• DATA EXTRACTS:
+++++

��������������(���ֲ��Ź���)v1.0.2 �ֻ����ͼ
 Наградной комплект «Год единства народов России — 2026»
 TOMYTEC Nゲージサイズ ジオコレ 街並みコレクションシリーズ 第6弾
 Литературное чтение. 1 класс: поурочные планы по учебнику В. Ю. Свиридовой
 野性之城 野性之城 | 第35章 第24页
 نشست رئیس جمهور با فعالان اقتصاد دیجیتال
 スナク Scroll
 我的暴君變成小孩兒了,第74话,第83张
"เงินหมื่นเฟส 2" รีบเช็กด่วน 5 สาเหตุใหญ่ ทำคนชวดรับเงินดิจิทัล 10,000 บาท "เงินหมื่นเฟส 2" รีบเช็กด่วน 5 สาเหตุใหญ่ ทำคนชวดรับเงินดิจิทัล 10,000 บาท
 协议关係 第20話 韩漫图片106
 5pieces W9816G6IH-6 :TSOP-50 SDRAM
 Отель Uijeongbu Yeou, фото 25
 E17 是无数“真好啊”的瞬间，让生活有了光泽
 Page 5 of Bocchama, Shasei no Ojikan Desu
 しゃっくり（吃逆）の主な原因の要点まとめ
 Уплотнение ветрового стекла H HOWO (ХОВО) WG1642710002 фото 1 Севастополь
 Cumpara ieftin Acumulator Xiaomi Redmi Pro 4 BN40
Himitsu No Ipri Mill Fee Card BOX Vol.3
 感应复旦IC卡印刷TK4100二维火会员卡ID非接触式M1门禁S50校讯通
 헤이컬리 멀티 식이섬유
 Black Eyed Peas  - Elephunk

+++++

• EXERCISE DESCRIPTION: Reproduce each line of the material in which the string "фото" occurs.

• EXERCISE OUTPUT:
 Отель Uijeongbu Yeou, фото 25
 Уплотнение ветрового стекла H HOWO (ХОВО) WG1642710002 фото 1 Севастополь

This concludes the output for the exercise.